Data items
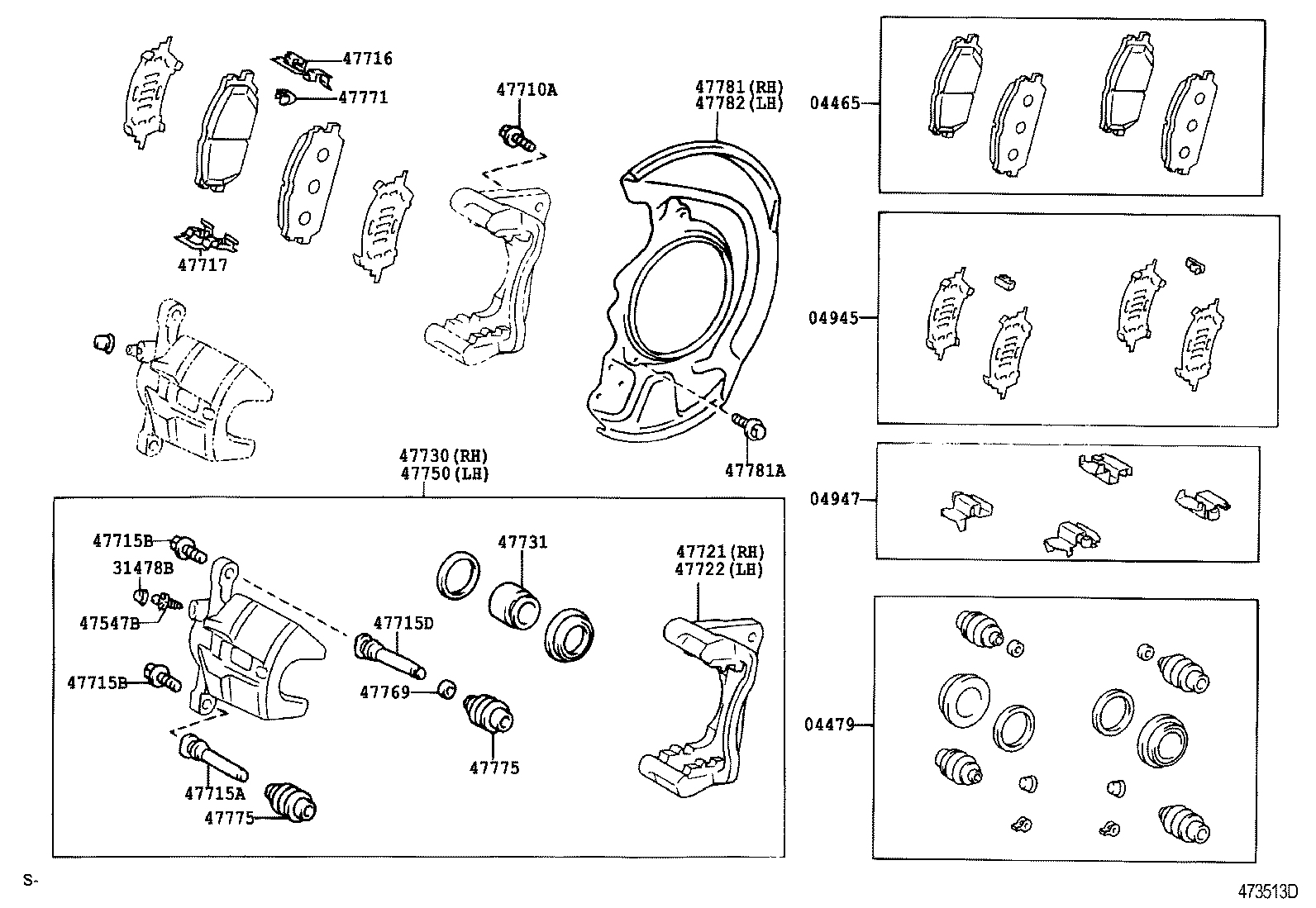  RX300 330 350 |  FRONT DISC BRAKE CALIPER DUST COVER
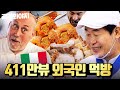 (3시간) ⭐조회수 도합 411만뷰⭐ 레전드 이탈리아인 한식 먹방 모아보기 l 한국인의 식판｜JTBC 230804 방송 외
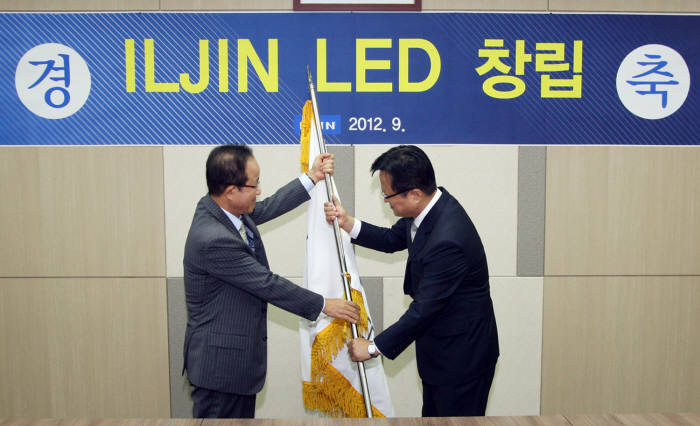 일진LED가 발광다이오드(LED) 시황 악화로 법정관리를 신청했다. 사진은 2012년 일진LED 출범식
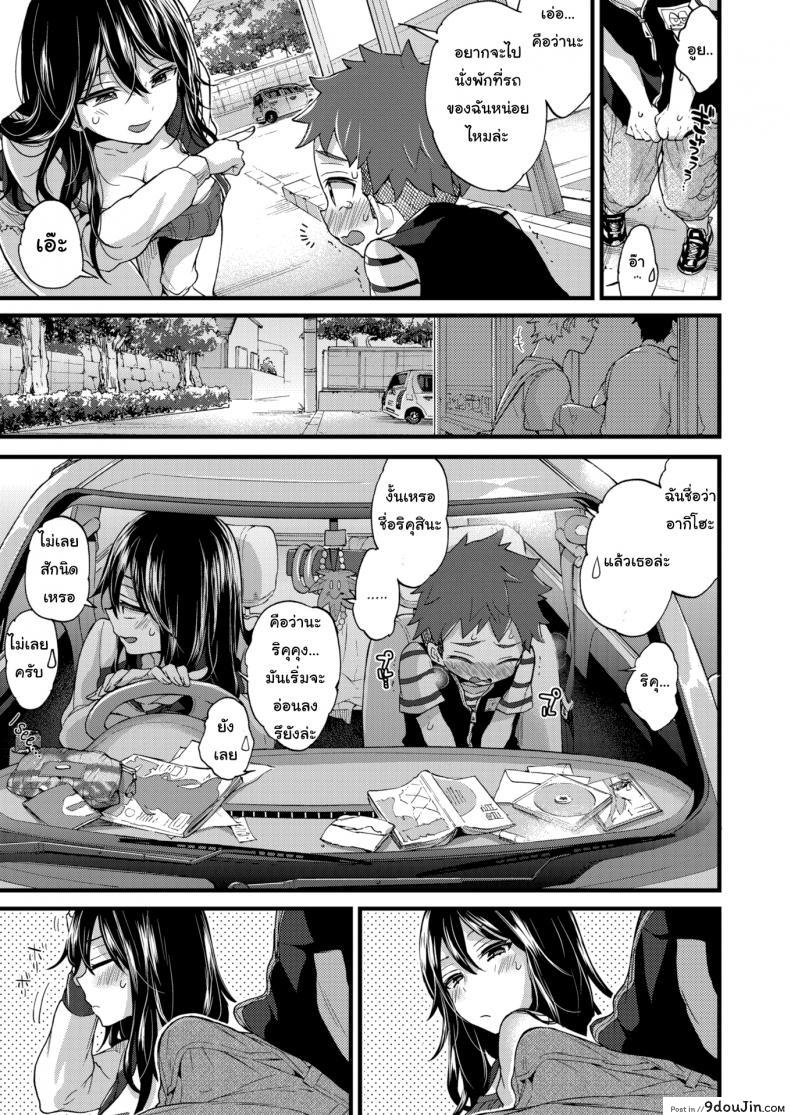 อ่านโดจิน ผมเก็บผ้ามาคืนครับ [Morishima Kon] Over ❤︎ Drive ภาค 1 แปลไทย หน้าที่ 7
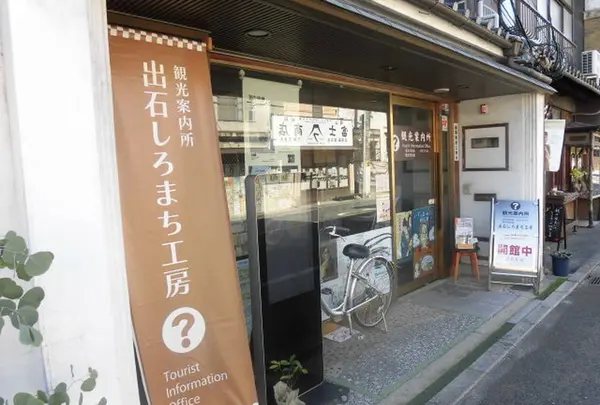 出石しろまち工房 観光案内所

**Aim of the exercise**
Would you mind repeating the records above exactly, without the pictures?

**Exercise output**
  RX300 330 350 |  FRONT DISC BRAKE CALIPER DUST COVER
 (3시간) ⭐조회수 도합 411만뷰⭐ 레전드 이탈리아인 한식 먹방 모아보기 l 한국인의 식판｜JTBC 230804 방송 외
 일진LED가 발광다이오드(LED) 시황 악화로 법정관리를 신청했다. 사진은 2012년 일진LED 출범식
 อ่านโดจิน ผมเก็บผ้ามาคืนครับ [Morishima Kon] Over ❤︎ Drive ภาค 1 แปลไทย หน้าที่ 7
 出石しろまち工房 観光案内所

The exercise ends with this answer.